━━━ Material for the task ━━━
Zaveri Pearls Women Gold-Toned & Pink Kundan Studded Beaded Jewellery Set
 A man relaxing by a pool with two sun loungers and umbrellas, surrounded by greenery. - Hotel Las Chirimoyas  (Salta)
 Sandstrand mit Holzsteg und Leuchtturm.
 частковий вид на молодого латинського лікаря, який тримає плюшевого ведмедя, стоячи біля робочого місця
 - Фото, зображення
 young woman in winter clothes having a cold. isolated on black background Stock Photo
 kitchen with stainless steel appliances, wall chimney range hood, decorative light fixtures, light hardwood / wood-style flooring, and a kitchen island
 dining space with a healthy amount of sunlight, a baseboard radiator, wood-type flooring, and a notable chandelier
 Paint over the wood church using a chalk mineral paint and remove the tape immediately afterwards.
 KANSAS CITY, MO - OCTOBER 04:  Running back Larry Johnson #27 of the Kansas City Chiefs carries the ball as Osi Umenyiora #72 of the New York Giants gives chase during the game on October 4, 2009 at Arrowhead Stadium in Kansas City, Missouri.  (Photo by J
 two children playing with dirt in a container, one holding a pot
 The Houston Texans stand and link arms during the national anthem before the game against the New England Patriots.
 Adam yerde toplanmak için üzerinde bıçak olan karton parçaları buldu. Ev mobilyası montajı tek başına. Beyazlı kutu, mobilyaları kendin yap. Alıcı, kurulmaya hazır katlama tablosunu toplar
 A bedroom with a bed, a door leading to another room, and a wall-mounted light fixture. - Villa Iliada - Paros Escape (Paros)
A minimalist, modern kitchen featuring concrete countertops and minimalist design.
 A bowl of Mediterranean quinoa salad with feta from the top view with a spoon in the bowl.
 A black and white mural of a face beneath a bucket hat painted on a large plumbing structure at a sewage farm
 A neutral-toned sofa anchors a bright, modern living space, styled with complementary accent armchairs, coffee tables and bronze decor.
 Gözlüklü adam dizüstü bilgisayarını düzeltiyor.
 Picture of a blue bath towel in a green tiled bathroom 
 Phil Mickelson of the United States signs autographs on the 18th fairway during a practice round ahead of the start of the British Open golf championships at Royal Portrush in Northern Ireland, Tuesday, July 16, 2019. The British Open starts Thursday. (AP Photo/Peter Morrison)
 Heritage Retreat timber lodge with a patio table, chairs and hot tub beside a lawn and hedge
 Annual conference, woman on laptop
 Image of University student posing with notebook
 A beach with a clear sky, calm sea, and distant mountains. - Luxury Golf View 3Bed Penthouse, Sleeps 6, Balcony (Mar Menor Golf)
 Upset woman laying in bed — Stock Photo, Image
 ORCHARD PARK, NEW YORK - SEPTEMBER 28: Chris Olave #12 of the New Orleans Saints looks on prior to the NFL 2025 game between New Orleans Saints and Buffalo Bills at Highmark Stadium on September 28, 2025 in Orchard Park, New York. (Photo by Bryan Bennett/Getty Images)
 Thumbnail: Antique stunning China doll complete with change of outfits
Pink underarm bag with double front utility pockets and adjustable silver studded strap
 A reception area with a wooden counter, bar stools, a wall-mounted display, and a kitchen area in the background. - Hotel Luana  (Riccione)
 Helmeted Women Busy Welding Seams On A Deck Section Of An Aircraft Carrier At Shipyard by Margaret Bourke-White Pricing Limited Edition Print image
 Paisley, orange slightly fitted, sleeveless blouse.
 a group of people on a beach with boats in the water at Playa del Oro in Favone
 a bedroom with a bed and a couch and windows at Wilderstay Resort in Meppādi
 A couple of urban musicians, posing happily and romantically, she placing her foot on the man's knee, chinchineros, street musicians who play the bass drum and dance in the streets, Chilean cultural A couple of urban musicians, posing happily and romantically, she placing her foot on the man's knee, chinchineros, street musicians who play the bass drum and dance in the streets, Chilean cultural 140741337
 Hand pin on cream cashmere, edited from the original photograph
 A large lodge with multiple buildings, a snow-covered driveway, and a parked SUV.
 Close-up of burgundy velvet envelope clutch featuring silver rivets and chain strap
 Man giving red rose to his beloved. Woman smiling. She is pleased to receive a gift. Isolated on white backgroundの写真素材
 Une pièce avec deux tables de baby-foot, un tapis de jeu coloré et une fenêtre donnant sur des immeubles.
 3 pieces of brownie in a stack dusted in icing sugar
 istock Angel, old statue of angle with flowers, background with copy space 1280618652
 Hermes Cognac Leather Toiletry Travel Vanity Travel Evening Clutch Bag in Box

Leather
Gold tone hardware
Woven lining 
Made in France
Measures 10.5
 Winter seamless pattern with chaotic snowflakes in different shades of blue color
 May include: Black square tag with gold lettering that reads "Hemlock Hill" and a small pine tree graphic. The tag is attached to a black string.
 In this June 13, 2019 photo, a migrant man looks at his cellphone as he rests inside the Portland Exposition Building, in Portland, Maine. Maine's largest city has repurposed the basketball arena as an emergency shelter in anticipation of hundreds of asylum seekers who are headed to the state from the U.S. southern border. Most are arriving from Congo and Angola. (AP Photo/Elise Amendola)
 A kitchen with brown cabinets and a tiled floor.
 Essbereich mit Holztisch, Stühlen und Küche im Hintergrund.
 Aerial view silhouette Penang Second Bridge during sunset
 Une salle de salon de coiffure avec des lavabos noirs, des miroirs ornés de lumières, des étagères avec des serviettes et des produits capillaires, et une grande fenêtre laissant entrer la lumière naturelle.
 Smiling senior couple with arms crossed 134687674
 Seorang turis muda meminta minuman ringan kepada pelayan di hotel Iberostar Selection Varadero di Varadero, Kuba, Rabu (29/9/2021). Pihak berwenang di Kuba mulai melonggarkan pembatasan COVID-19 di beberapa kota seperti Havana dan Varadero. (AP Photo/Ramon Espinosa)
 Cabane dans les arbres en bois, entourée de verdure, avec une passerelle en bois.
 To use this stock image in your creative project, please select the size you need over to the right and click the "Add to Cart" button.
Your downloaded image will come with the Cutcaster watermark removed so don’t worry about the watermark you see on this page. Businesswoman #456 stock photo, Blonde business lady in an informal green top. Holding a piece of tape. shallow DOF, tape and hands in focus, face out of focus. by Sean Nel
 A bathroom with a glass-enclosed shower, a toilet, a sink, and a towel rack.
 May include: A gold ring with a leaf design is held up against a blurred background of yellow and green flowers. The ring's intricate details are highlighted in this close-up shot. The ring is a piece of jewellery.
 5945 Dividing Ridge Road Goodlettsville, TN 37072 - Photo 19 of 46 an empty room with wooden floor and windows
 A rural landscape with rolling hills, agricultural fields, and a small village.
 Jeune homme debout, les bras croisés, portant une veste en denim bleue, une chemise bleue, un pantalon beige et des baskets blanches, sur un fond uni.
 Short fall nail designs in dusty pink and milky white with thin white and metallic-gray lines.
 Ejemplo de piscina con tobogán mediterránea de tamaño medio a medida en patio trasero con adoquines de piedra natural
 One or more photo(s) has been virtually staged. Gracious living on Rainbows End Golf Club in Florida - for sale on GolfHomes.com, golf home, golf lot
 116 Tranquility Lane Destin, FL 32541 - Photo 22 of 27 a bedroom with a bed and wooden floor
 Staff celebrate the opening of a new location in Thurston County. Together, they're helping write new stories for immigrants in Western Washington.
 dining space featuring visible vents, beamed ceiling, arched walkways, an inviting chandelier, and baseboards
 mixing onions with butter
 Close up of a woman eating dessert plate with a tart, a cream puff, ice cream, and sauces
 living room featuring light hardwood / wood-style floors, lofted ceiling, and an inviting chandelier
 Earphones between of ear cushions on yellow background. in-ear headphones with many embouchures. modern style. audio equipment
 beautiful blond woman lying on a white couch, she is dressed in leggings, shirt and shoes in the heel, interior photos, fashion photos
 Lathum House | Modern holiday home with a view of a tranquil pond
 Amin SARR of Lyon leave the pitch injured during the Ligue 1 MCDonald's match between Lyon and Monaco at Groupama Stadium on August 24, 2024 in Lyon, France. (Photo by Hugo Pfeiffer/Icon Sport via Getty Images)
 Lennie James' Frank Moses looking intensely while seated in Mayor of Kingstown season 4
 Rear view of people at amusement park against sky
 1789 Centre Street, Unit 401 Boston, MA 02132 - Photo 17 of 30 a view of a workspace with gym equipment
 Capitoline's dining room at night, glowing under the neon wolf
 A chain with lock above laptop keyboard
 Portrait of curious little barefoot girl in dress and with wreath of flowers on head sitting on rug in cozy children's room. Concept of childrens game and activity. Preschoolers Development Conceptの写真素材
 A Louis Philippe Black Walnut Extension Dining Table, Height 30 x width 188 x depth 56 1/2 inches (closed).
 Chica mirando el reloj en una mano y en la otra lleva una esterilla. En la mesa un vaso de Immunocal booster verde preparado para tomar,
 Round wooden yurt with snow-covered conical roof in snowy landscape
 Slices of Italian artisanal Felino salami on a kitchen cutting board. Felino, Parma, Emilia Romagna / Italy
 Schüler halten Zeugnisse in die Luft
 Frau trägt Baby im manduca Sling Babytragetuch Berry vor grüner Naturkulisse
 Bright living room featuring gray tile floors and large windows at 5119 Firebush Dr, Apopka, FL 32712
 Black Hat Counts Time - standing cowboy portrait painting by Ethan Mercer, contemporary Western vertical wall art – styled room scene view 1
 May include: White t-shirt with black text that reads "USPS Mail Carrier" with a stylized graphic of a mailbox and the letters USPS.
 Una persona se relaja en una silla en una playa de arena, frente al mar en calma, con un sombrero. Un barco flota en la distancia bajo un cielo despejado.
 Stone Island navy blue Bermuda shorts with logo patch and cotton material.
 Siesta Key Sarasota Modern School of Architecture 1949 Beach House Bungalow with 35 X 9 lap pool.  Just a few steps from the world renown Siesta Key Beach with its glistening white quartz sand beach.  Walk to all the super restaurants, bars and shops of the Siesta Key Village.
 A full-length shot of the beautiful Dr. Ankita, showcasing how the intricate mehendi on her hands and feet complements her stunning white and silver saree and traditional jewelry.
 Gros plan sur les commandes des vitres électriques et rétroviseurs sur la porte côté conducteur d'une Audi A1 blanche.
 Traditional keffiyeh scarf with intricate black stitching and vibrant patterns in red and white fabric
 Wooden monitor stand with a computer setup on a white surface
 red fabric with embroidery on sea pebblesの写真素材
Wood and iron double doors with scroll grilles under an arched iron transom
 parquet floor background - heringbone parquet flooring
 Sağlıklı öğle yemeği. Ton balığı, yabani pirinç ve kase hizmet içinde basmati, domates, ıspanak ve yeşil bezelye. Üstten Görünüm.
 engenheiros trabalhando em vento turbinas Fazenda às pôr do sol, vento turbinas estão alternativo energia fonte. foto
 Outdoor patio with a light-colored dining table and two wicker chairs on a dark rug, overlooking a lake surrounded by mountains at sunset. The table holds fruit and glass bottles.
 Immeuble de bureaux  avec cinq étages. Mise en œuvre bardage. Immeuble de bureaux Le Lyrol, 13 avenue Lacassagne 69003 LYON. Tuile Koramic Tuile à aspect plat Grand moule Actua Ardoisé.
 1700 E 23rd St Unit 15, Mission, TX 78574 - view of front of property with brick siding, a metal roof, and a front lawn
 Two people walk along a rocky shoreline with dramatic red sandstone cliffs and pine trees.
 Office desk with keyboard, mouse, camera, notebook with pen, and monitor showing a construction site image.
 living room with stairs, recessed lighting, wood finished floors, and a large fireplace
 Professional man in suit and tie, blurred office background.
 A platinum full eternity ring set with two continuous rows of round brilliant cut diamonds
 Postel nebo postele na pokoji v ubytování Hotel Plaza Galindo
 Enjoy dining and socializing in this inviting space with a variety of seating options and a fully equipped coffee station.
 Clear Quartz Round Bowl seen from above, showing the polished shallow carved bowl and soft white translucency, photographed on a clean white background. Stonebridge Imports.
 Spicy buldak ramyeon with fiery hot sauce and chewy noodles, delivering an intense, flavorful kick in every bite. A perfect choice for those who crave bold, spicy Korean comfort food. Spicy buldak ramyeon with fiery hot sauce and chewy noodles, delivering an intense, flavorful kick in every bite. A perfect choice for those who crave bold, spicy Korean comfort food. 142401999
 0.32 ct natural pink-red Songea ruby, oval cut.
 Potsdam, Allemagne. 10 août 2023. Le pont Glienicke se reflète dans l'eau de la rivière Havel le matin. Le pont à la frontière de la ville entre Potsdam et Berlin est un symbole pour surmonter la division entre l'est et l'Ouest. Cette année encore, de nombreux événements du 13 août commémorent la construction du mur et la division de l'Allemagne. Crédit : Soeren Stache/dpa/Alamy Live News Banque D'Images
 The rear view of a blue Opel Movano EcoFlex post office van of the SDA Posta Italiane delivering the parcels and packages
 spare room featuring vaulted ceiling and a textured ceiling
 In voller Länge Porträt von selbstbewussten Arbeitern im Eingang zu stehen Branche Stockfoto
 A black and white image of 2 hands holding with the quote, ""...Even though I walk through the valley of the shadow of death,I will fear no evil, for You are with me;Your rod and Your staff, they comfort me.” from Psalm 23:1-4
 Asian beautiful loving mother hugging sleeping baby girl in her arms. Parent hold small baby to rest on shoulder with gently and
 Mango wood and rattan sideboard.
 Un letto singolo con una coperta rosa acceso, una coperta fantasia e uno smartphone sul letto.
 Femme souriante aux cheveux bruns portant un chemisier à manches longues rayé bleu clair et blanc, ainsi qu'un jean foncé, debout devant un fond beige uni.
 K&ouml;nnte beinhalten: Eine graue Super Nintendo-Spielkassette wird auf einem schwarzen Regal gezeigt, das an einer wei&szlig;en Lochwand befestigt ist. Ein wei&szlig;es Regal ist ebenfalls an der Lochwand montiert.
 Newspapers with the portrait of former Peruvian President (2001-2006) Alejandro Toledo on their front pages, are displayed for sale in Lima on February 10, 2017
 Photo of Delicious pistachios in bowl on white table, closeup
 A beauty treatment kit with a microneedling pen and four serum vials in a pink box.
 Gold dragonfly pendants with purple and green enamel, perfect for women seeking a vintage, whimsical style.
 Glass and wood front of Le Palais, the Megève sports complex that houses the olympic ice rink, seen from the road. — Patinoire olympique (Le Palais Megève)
━━━
What the task asks> All lines from the one containing "Gold dragonfly pendants" to the end of the records, both ends included, should be printed exactly and on their own.

Answer to the problem>
 Gold dragonfly pendants with purple and green enamel, perfect for women seeking a vintage, whimsical style.
 Glass and wood front of Le Palais, the Megève sports complex that houses the olympic ice rink, seen from the road. — Patinoire olympique (Le Palais Megève)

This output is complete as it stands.